Une séquence devenue virale sur les réseaux sociaux à Kinshasa remet au centre du débat une question sensible : peut-on recourir à la violence pour obtenir des aveux d’un suspect ?
L’affaire, qui implique l’artiste congolaise Rebo Tchulo et un homme soupçonné de vol, divise profondément l’opinion publique entre partisans d’une justice expéditive et défenseurs du respect strict des droits humains.
Selon les éléments rapportés par Ézéchiel Bwalo, assistant manager de l’artiste, les faits remontent au 17 avril à Kinshasa, dans la commune de la Gombe, lors d’un tournage. Un sac de marque contenant des biens de grande valeur — dont un passeport, des bijoux, environ 8 000 dollars et une montre de luxe — aurait disparu dans des circonstances jugées suspectes.
Les recherches menées après le tournage ont conduit l’entourage de l’artiste à exploiter des images de vidéosurveillance provenant d’une parcelle voisine appartenant à Shabani Nonda. Ces images montreraient le chauffeur présumé s’emparer du sac et tenter de le dissimuler.

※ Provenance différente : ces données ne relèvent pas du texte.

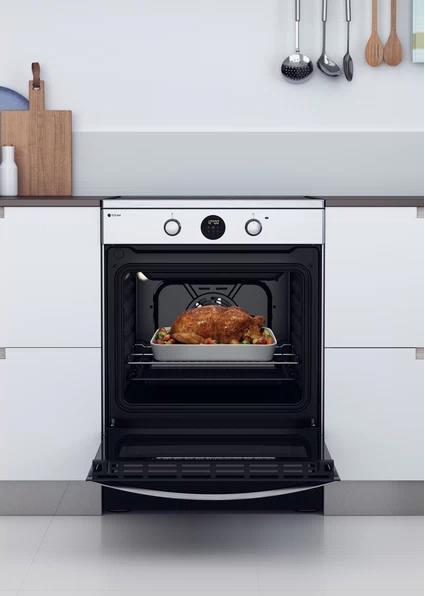 Actual product image Indesit IS67IQ8CCX/FR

Confronté aux preuves, le suspect a d’abord nié les faits avant de livrer des versions contradictoires. Après une tentative de fuite spectaculaire — marquée par une cavale sur les toits durant plus d’une heure — il a finalement été interpellé avec l’appui d’éléments militaires.
C’est à ce stade que l’affaire a pris une tournure controversée. Conduit au domicile de l’artiste pour être interrogé, le suspect aurait été soumis à des violences physiques par des militaires afin de le contraindre à révéler l’emplacement des biens volés. Des images filmées par une voisine, montrant la scène, ont rapidement circulé en ligne, suscitant indignation et débats.
Selon les témoignages, Rebo Tchulo elle-même aurait demandé que le suspect ne soit pas maltraité et serait intervenue pour faire cesser les coups. Malgré cela, une partie de l’opinion estime que ces violences auraient contribué à obtenir des aveux, relançant l’argument controversé selon lequel la contrainte physique serait parfois nécessaire face à des suspects récalcitrants.
Cette position est toutefois vivement contestée par de nombreux observateurs et juristes, qui rappellent que la torture et les traitements inhumains sont strictement interdits par le droit congolais et les conventions internationales ratifiées par la RDC. Au-delà de l’illégalité, ils soulignent que les aveux obtenus sous contrainte sont juridiquement fragiles et peuvent compromettre toute procédure judiciaire.
L’affaire met ainsi en lumière une tension persistante entre exigences sécuritaires, frustrations sociales face à l’impunité perçue et impératif de respect de l’État de droit. Elle pose, en filigrane, la question de la confiance dans les institutions judiciaires et des méthodes d’enquête utilisées dans un contexte où la justice populaire tend parfois à supplanter les procédures légales.
À ce stade, le suspect a été transféré pour la poursuite de l’enquête, tandis que les objets dérobés restent en grande partie introuvables. L’évolution de cette affaire pourrait désormais dépendre autant des investigations en cours que de la capacité des autorités à garantir un traitement conforme aux normes judiciaires.